▸ **Brief**
Among the lines below, take the one holding "JCB 930 Камиони за херавни местности", the one holding "Pull rayé gris et bleu", and all lines between them. Set them down exactly.

———

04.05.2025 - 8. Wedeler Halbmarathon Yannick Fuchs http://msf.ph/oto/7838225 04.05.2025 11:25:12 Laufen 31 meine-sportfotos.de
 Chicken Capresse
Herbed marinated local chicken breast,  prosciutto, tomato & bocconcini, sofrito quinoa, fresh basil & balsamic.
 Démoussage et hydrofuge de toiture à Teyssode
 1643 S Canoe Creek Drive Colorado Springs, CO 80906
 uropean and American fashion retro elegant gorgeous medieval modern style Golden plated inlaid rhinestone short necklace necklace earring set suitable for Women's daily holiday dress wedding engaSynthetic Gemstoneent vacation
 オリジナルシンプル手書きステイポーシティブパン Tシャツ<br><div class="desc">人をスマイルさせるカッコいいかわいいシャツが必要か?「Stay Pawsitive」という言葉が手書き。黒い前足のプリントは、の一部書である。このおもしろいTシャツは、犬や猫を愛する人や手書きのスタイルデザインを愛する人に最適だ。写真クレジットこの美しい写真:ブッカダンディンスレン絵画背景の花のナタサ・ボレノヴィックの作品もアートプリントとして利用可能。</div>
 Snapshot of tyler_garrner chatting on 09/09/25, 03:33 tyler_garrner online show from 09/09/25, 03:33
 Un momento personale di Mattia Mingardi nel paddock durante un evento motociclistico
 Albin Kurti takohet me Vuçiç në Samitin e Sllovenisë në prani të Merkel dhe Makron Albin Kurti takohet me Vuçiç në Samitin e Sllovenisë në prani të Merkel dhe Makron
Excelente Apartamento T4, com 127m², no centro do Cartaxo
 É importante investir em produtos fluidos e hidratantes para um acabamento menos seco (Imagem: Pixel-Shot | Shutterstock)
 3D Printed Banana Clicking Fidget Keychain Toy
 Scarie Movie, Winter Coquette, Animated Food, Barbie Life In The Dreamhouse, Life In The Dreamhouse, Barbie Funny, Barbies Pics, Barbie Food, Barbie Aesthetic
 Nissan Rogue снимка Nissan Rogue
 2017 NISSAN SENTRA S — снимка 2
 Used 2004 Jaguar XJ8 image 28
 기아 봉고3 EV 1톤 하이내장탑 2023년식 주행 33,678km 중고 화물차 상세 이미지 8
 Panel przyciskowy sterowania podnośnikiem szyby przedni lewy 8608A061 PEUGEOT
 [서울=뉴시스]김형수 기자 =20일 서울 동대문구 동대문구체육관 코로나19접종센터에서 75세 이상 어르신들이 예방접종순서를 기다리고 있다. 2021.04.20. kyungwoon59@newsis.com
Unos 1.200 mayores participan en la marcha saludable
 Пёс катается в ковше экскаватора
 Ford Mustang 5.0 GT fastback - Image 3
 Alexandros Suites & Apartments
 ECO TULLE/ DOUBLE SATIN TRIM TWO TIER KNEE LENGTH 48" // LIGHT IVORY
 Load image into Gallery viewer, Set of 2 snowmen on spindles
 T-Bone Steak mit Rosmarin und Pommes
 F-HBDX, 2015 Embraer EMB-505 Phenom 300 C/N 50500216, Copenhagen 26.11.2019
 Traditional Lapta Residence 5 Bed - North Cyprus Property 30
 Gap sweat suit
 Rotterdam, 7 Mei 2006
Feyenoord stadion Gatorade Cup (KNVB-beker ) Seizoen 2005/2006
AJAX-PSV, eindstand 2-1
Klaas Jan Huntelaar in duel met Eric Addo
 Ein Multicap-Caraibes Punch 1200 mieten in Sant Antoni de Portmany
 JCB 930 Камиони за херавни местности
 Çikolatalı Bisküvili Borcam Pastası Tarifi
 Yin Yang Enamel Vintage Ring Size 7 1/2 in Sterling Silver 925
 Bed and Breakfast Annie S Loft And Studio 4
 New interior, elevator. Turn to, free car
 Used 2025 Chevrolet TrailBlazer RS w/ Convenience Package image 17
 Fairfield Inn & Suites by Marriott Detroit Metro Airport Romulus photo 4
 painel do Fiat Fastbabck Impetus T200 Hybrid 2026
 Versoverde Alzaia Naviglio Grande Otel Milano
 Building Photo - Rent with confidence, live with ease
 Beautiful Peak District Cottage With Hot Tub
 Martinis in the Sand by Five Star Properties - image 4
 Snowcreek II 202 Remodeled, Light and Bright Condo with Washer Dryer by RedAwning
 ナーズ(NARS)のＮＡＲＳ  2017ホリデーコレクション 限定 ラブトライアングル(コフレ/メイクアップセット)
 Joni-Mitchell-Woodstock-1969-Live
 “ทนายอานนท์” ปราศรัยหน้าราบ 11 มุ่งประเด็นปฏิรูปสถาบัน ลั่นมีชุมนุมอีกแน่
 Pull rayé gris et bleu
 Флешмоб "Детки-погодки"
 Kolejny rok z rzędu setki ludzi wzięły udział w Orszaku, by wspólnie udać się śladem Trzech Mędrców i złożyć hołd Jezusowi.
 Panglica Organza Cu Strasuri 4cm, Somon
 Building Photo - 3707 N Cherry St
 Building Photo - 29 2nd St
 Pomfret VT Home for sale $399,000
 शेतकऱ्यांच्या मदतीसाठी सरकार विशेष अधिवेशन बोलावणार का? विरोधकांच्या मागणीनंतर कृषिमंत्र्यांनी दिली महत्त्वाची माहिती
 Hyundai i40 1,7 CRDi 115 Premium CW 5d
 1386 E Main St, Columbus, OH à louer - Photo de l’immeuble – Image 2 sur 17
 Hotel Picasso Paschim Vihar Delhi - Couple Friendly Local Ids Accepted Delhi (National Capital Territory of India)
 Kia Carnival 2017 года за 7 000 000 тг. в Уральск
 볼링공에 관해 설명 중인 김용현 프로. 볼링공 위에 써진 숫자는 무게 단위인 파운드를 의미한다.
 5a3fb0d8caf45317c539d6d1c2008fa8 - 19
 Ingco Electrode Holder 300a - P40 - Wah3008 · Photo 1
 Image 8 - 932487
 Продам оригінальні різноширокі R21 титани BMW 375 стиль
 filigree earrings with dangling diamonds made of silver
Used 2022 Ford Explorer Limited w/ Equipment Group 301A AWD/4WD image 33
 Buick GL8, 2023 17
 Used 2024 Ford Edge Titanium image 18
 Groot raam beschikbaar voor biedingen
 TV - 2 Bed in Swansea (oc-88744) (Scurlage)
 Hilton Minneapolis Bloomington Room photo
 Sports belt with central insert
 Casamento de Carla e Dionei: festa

———

▸ **Written solution**
 JCB 930 Камиони за херавни местности
 Çikolatalı Bisküvili Borcam Pastası Tarifi
 Yin Yang Enamel Vintage Ring Size 7 1/2 in Sterling Silver 925
 Bed and Breakfast Annie S Loft And Studio 4
 New interior, elevator. Turn to, free car
 Used 2025 Chevrolet TrailBlazer RS w/ Convenience Package image 17
 Fairfield Inn & Suites by Marriott Detroit Metro Airport Romulus photo 4
 painel do Fiat Fastbabck Impetus T200 Hybrid 2026
 Versoverde Alzaia Naviglio Grande Otel Milano
 Building Photo - Rent with confidence, live with ease
 Beautiful Peak District Cottage With Hot Tub
 Martinis in the Sand by Five Star Properties - image 4
 Snowcreek II 202 Remodeled, Light and Bright Condo with Washer Dryer by RedAwning
 ナーズ(NARS)のＮＡＲＳ  2017ホリデーコレクション 限定 ラブトライアングル(コフレ/メイクアップセット)
 Joni-Mitchell-Woodstock-1969-Live
 “ทนายอานนท์” ปราศรัยหน้าราบ 11 มุ่งประเด็นปฏิรูปสถาบัน ลั่นมีชุมนุมอีกแน่
 Pull rayé gris et bleu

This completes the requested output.